Here’s another money-saver. Be sure to tell your parents and grandparents. There are loads of adverts on TV these days for ‘Over 50s Life Insurance’. These policies tend to be taken out by well-meaning old-folk to pay for funerals. They’ve been pushed on TV by well-loved household-name celebrities like Michael Parkinson and the late June Whitfield, but I really wish people like that would think a bit more about their reputation and how they use it. Surely, they can’t be so hard-up that they have to help sell junk to the old folk? Usually there’s a ‘sweetener’ on offer like a free Parker pen. Big deal!
HOW THEY WORK
Unlike traditional life insurance policies, cover is not offered based on the state of your health. That’s the hook. They promise to pay out when you die so long as you don’t die in the first two years usually, give or take six months. So, the big benefit is that you don’t need to have a medical to get one and you can get one no matter how unhealthy you are, provided you’re between 49 and 85. However because they are available to everyone regardless of health, those who are particularly fit and healthy pay over the odds. Several insurers offer over-50s plans, but Axa SunLife is the most well-known.
VALUE FOR MONEY?
The major flaw with over-50s plans is that they are poor value for money compared with ‘traditional’ life assurance. We’ve come across many older people who’ve paid a lot more in than the policy will ever pay out. The plans only pay out on death and have no cash-in value. As a rough guide, if you paid Sun Life £67 per month their plan would pay out £16,290 on death. By comparison, a healthy 60-year could buy £150,000 worth of cover over a 15-year term – more than nine times as much – for the same money.
DO YOU REALLY NEED ONE?
In reality, most people leave behind at least some cash when they die, and very often a house that can be sold to pay funeral costs. If the deceased has enough money in the bank then their bank will usually release money early from an estate to pay for funeral costs if friends or relatives can provide a copy of the death certificate and an itemised account from a funeral director. If they only had their house then the bank will usually offer a probate loan to tide the executors over until the house is sold. Probate loans are good business for the banks.
WHO DOES NEED LIFE COVER?
Many people need it, especially if they’ve a mortgage and young children. Life assurance is very useful and I’ve never yet met a widow who thought her husband had too much life cover. But no ethical financial advisor would sell life assurance to somebody who doesn’t need it. You need it if you have a family that needs providing for and/or debts that need paying, especially a mortgage. Nobody wants their family to be made homeless if the breadwinner dies. Once the mortgage is paid off though and the kids have grown up, most people have little or no need for life cover. From that point on for most people it falls into the bracket of “nice to have but not essential.”

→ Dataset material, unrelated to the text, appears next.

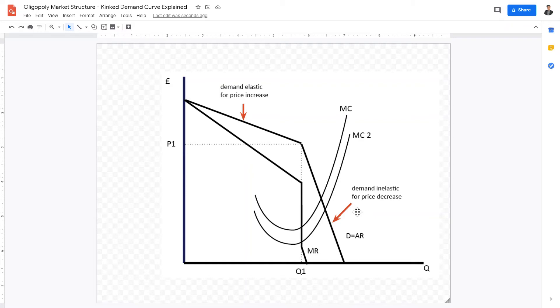Welcome back IB Economics students. The kinked demand curve is one of the trickiest concepts in theory of the firm.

If you’re concerned about paying for your funeral, you could always pay for it in advance with a prepaid funeral plan. These plans typically work with you pre-paying for your funeral, either in instalments or a lump sum, so when you die everything is taken care of and the amount you pay depends on what is included within the plan. Or you could simply save your cash in a deposit account or cash ISA, or a stocks-and-shares ISA if you’re more investment-minded. Just ask our advice.
WHAT THE REGULATOR SAYS
If you buy life assurance that’s sold direct like this, and it’s not suitable for you, you have no come-back. You can’t complain to the Financial Ombudsman Service that it was mis-sold because advice is NOT part of the process. The law says that the company did not mis-sell it, it says that you mis-bought it – caveat emptor. Advisors however are regulated and duty-bound to only sell you a policy you need and to research the market and recommend the most appropriate type of cover. You have more protection.
It’s always sad when we see old folk going short on the things that would make their lives more liveable to pay for policies they probably don’t need. If your parents think they need to buy a policy like this, have a talk with them about whether they really need it. If, like most people, you do stand to inherit at least some cash or assets that can pay for the funeral, the chances are that over-50s life cover is a waste of money.
Okay, if you don’t buy one of these policies you’ll miss out on the ‘free’ Parker pen or whatever, but if you really want a pen that badly, stop by our office and we’ll give you one that really is free!